Computer Security: The Ultimate Inside Trader

I went to a talk on computer security. A few interesting case studies were brought up by the lead engineer of the server access and virtualization group at Cisco. Two case studies stuck out to me.

Someone suspected that there was an issue between two electronic trading centers between Asia and the USA, he wouldn’t say exactly where in the US and Asia, or who their client was. Anyway, they did some research in fact they called in their physicists to calculate the curvature of the Earth between the two continents to figure out how fast the data transfer rate should be, then they had their EEs look at the transmission line characteristics. Initially the IT engineer for the trading company told them, that the transfer rate should be 1.5 * the speed of light.

Cisco Engineer: What do you mean that the transfer rate is 1.5 * the speed of light, that’s physically impossible, it defies the laws of physics.
IT engineer: Well, I guess we must have a very robust router.
CE: Your are an idiot.

Eventually, they found that the transactions between one of the servers was being delayed by milliseconds, the packets sent were being slowed down. So, they did some more research, turns out that data connection between the two continents were over a undersea cable (there are a lot of undersea data cables between continent to continent that’s how we transfer data usually, please see attachment). Sidenote: Investment advice buy land in Africa, where the cable interconnect is routed from Asia.

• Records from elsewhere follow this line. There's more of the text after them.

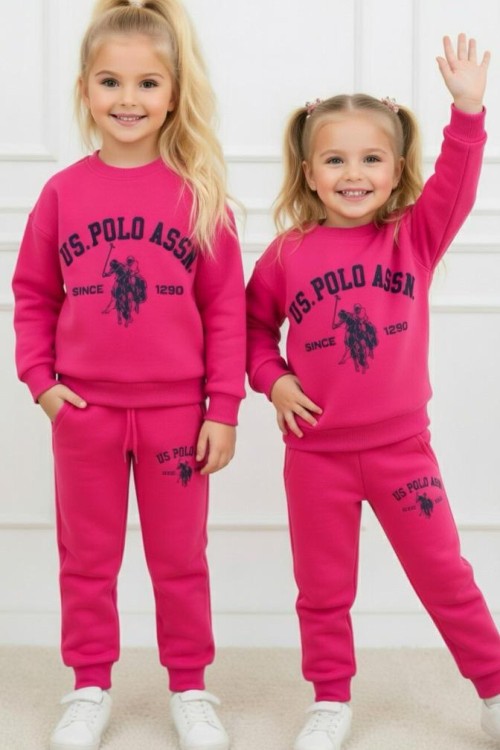 2 İP ŞARDONLU US POLO ASSN EŞOFMAN TAKIMI  Fuşya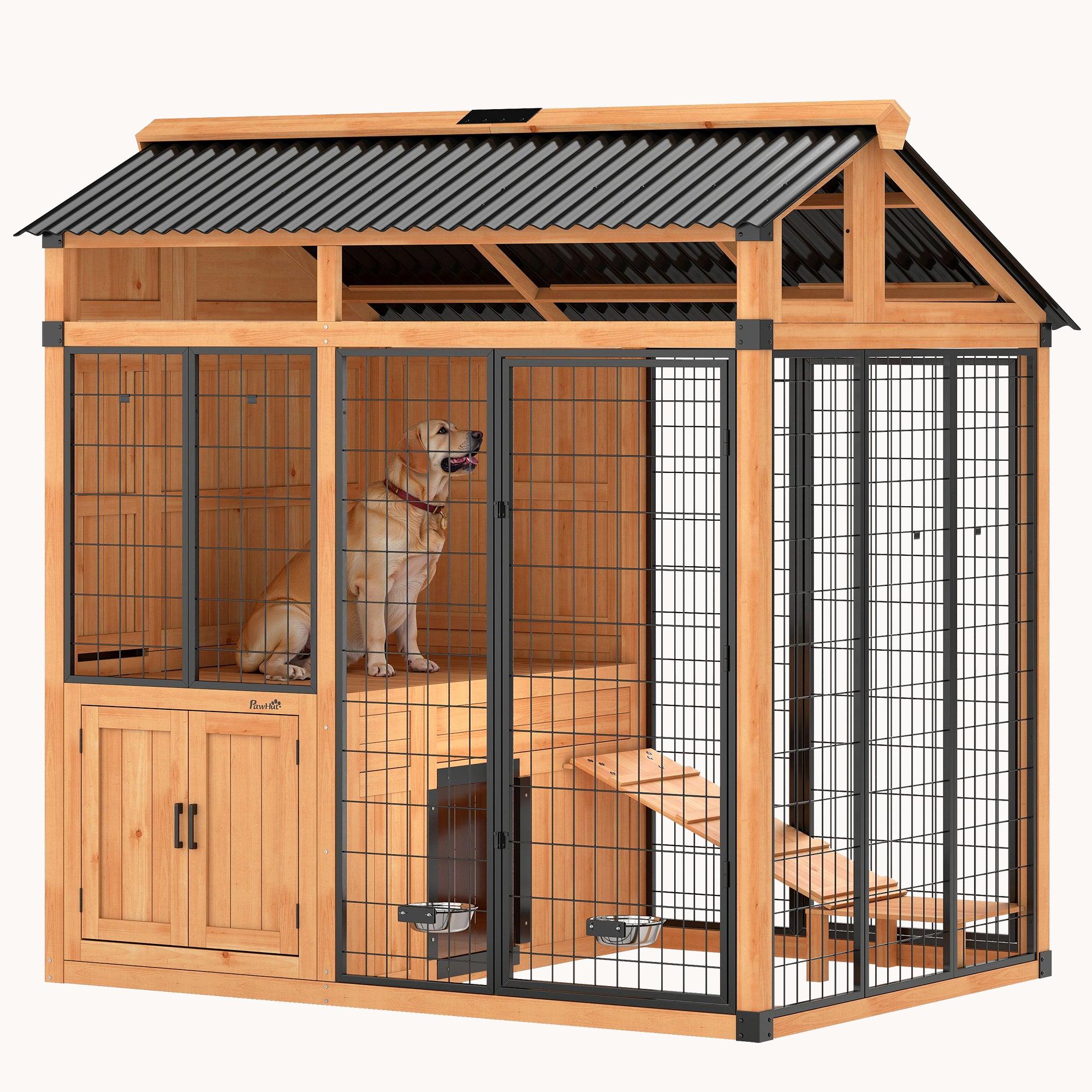 PawHut 7' x 5' Dog House with Deck & Storage - Weatherproof Design
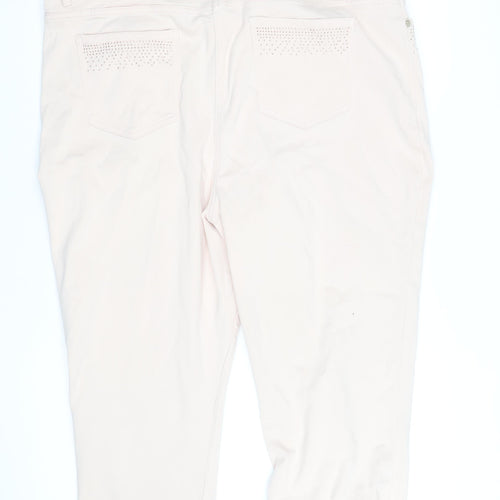 Marks and Spencer Women Beige Cropped Stretch Trousers UK 20 Rhinestone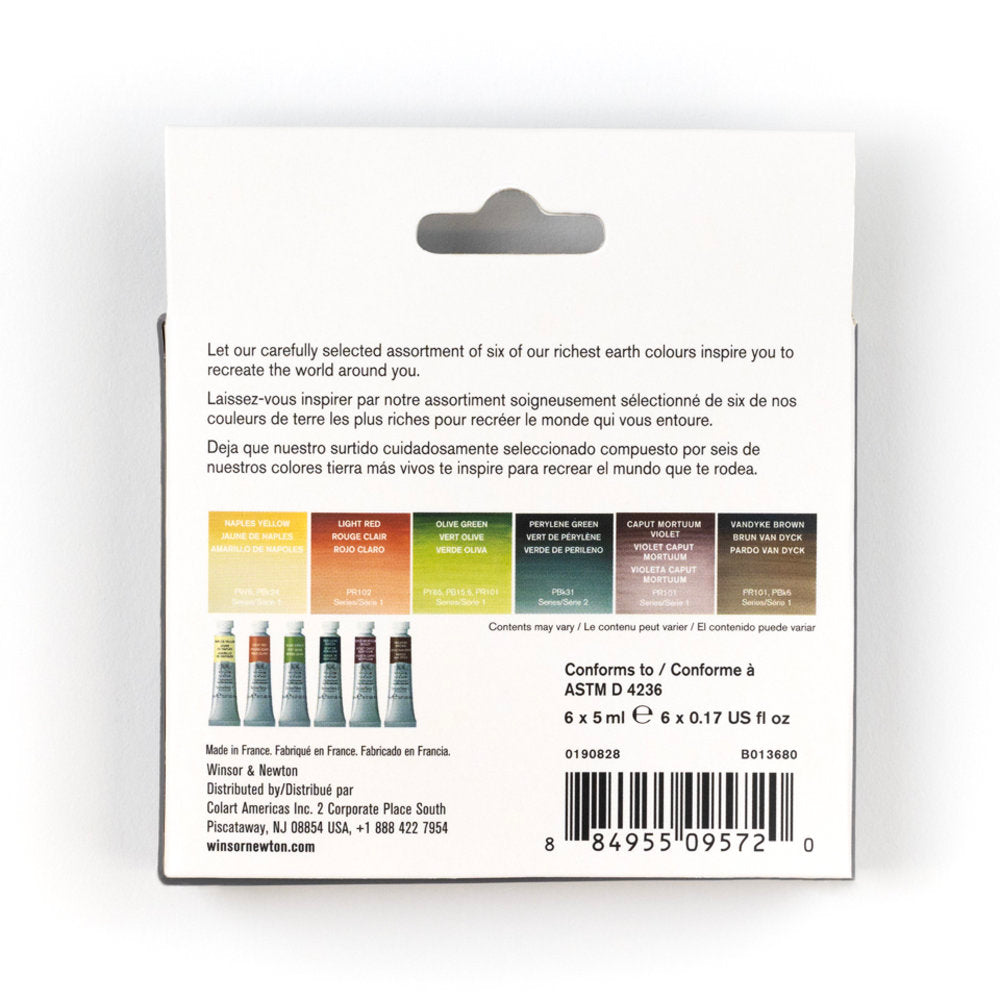 Winsor & Newton Professional Watercolour Rich Earth Set 6 x 5ml - back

They did more research, and discovered a man-in-the-middle attack, someone actually got access to the undersea cable as it was routed through French Polyonesia in the Pacific Ocean. As a result, the person could intercept the data being transmitted, see what types of trades were being placed (all he needed was those millisecond delays) and have an algorithm to decide whether to buy or sell shares based on what types of trades were being executed. All I have to say for the criminals brilliant, but illegal.

Second thing, power supplies. We often think of computer security in terms of protecting the data inputs and outputs of the computer/system, but what about the power inputs? What happens when Vcc(the input voltage) is not equal to what it’s suppose to be weird stuff starts happening at the logic level. The system might spit out a incorrect calculation, or spill out too much info with over or under voltage. Basically, he said it was very hard to design power supplies that are intolerant to slight signal variations.

In high school physics and basic college electromagnetics, we learn that AC signals are sinusoidal, with some constant amplitude, and when you convert from AC to DC with the use of a transformer and bridge diode rectifier (I’ve attached an oversimplified circuit found on google), you get a constant DC output. As a power professor I had once pointed out, what a fairy tale. For one in real life power is outputted in three phases (not just 1 sinusoidal signal), and two as shown in the plot from wikipedia, you superposition all the waves, then rectify it, no way are you going to get a perfectly constant DC output. You get close, but not close enough. So in short he argued that any input voltage signal variation should be logged no matter how small.